At the risk of the thread turning into a blood bath, I will state that devices like LEDs, diodes and transistors do not obey Ohms Law.
(There has been a lot of heated debate about this in the past!):eek:


So if I had a 6v and used a 3.3k what would be voltage dropped to after 3.3k resistor?
The quick answer is that it would still be 3.82 volts.
LEDs have a nearly constant voltage drop arcoss them which varies by only a small amount when the current through them varies.

If you set your meter to measure current, in your original circuit you should see that the current is (8.7 - 3.82)/3300 = 1.48mA or maybe a bit less because the meter will add resistance to the circuit, making the current a bit smaller.

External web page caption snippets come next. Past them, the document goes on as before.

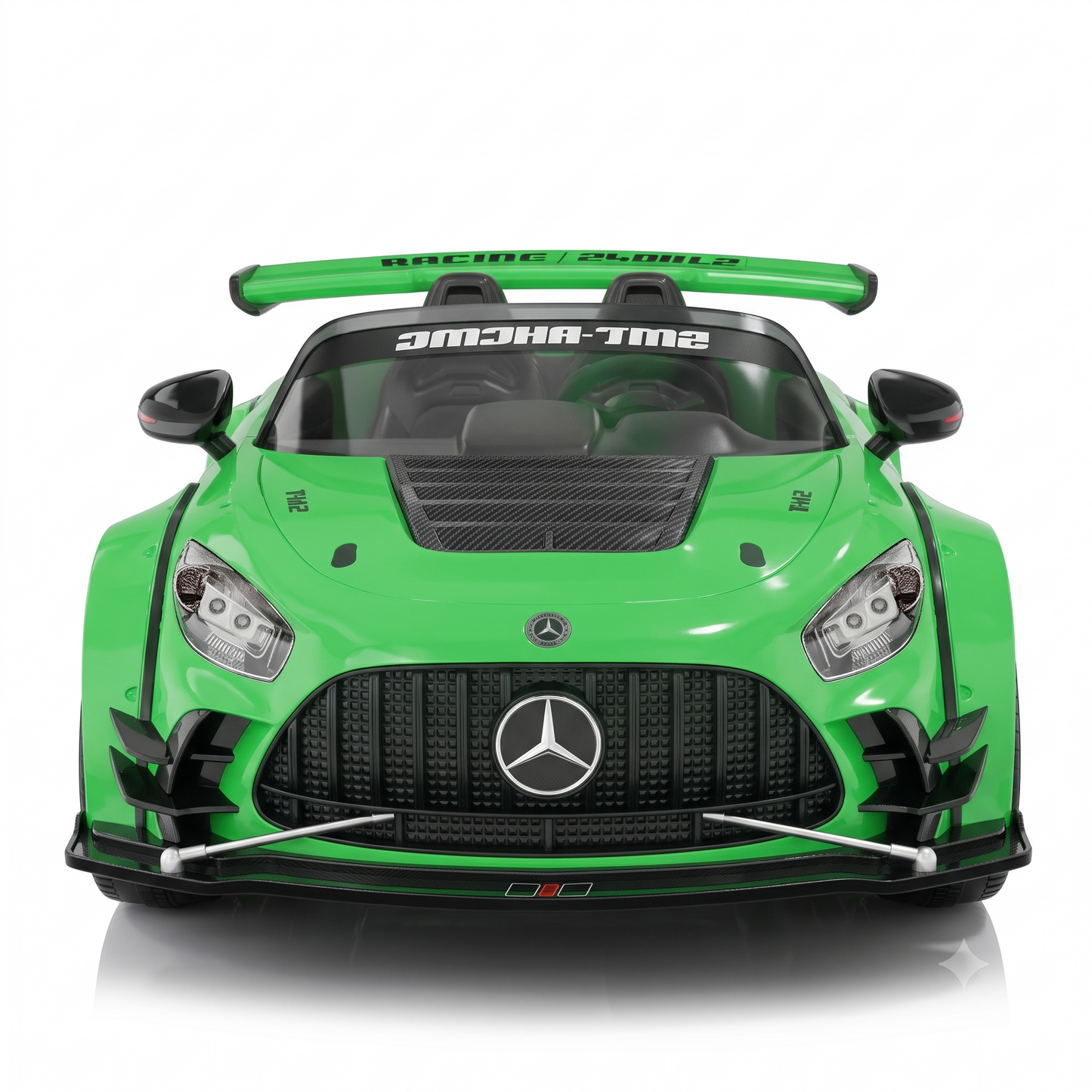 Green childs electric ride on car with sporty design, front view, perfect for young car enthusiasts
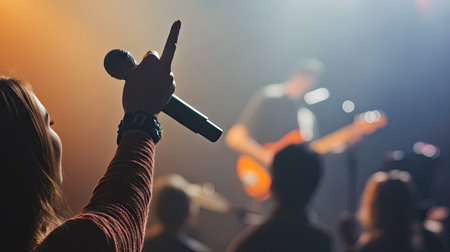 A woman singing energetically with a microphone during a live band performance on a large stageの素材
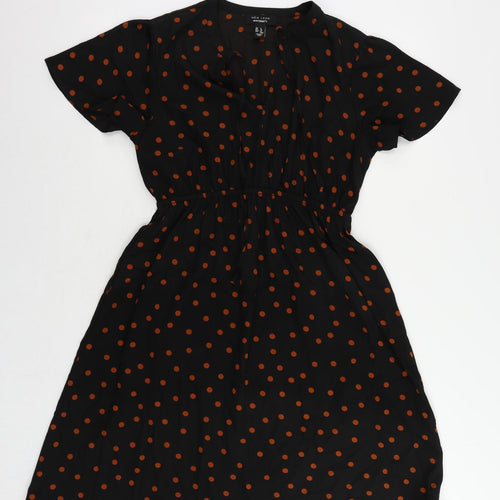 New Look Womens Black Polka Dot Polyester A-Line Size 8 V-Neck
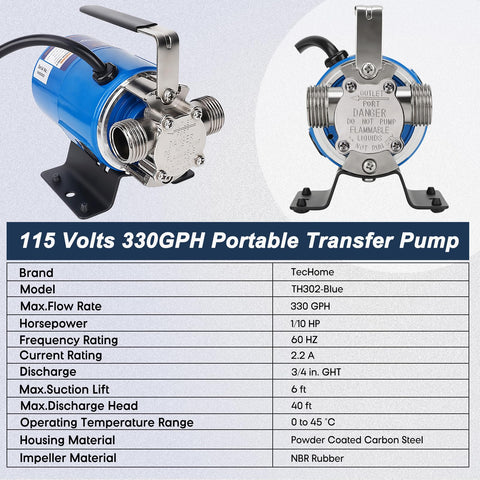 TecHome Pump with Hose portable-handle design makes it easy to carry.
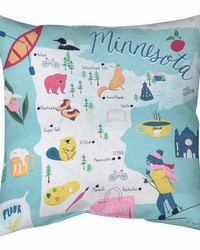 Minnesota  Map 18  Climaweave Pillow by   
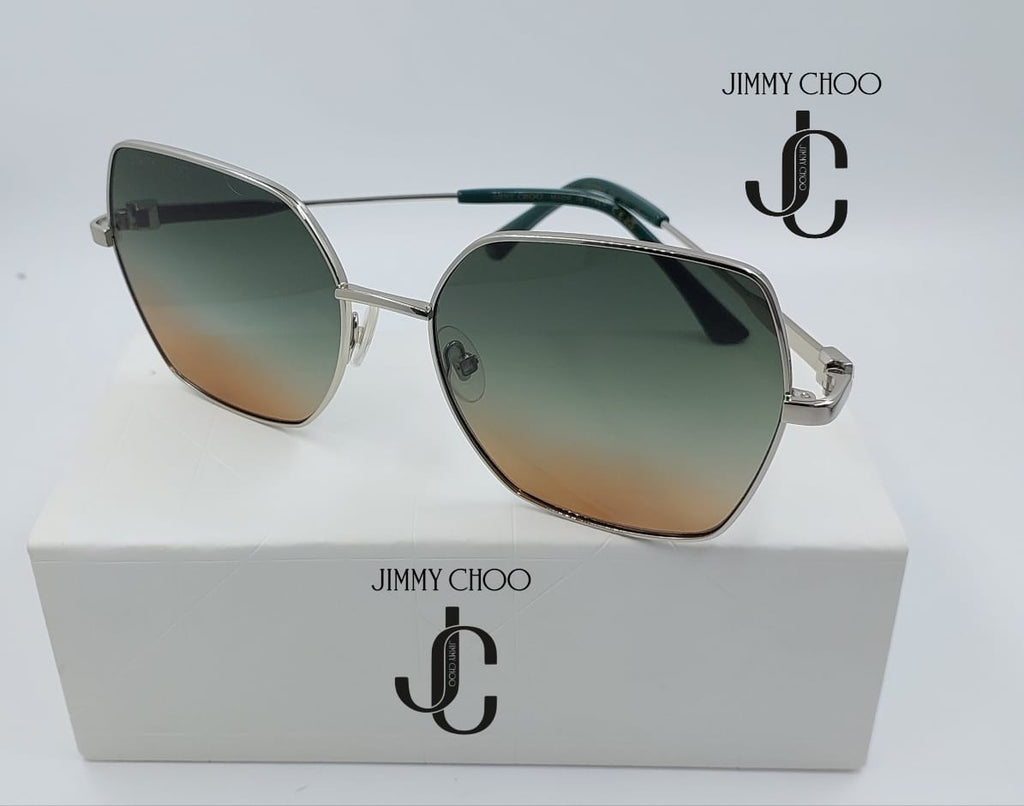 Luxury Geometric Gradient Sunglasses – Silver Frame Edition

When you use a 6v battery, the current will be (6 - 3.82)/3300 = 0.66mA. Depending on the LED, it may not be very bright at this low current.

JimB
 
Voltage drop occurs when you have 2 resistances in series in the circuit. This is called a voltage divider.

For example, say you have a 9 volt battery and you connect 2 1K resistors in series across the battery terminals (they don't have to be 1K, but to make things simple, make them equal).

+ terminal : 1k resistor : 1k resistor : - terminal

If you measure the voltage across the battery terminals, you get 9V (or something close to it). If you measure across one of the 1k resistors, you'll see 1/2 the voltage (4.5 volts). Each resistor is dropping half the voltage, since both resistances are equal.

In your example, instead of 2 resistors, you have a LED and the resistor. Diodes (and most other semiconductors) are different from resistors in that they drop a more-or-less constant voltage, drawing as much current as needed to drop that amount of voltage. This is why you need a current-limiting resistor with a LED. So, if your LED has a 2.5V forward voltage, and you're using a 9 volt battery, the LED would drop 2.5V and the resistor would be dropping (9 - 2.5) = 6.5 volts. If you want to limit the current through the LED to 20 mA (0.02 A), use Ohm's Law to calculate the resistor value: R = E/I, Ohms = Volts / Amps, so the resistor would need to be 6.5 / 0.02 = 325 ohms. The closest standard resistor value is 330 ohms, so use that.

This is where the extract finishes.